WHAT?! Do you know anything about Philadelphia? This building isn't "deep in Penn's campus". It's at the edge of West Philadelphia, overlooking the Schuylkill River. It's massive and can be seen from many parts of the city as well as from I-76. Tens of thousands of people will see this building on a daily basis, and thousands will work in and around it. AND, it's going to be in the skyline for the next 50+ years.
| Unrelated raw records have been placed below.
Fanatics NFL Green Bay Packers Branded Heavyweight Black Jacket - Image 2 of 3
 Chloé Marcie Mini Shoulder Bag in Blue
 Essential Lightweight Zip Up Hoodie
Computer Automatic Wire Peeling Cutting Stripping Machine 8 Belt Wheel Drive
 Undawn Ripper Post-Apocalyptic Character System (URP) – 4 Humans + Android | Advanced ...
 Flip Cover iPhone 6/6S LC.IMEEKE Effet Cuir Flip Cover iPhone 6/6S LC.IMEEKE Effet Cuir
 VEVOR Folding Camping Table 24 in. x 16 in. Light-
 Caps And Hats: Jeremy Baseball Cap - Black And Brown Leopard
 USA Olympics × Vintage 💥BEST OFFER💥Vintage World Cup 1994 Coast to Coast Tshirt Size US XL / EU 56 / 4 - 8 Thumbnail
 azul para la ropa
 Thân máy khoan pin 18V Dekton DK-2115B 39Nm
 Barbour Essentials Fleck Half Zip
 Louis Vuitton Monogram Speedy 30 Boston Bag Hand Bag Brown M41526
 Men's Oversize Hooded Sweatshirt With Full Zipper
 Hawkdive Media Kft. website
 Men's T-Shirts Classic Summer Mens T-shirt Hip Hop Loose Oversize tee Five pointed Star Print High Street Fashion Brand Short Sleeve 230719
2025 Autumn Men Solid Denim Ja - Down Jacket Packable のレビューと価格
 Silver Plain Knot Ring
That literally means that many, many millions of people will interact with this building over its lifetime. It's worth caring about.


It's an obsession because they're spending $1.5 BILLION dollars on this hulking piece of crap. And they spent over $700 million on the Frankenstein-looking Perelman Center. Penn Medicine just keeps dumping hundreds of millions of dollars into buildings which are both ugly on the outside and confusing on the inside. I find it genuinely outrageous that Penn can keep making the same terrible billion-dollar mistakes over and over while everyone else just shrugs their shoulders.

You seem... unhinged.

There have been plenty of shit buildings that have gone up or have been proposed in philly since you started your rants here. Why no complaints regarding them? Your focus on this building seems to go way beyond being a former Penn student and caring about Philadelphia's skyline. Your focus on the expense also seems odd considering you must understand that considering this is designed to be a world class hospital, the amount of that expense dedicated to design is a tiny fraction.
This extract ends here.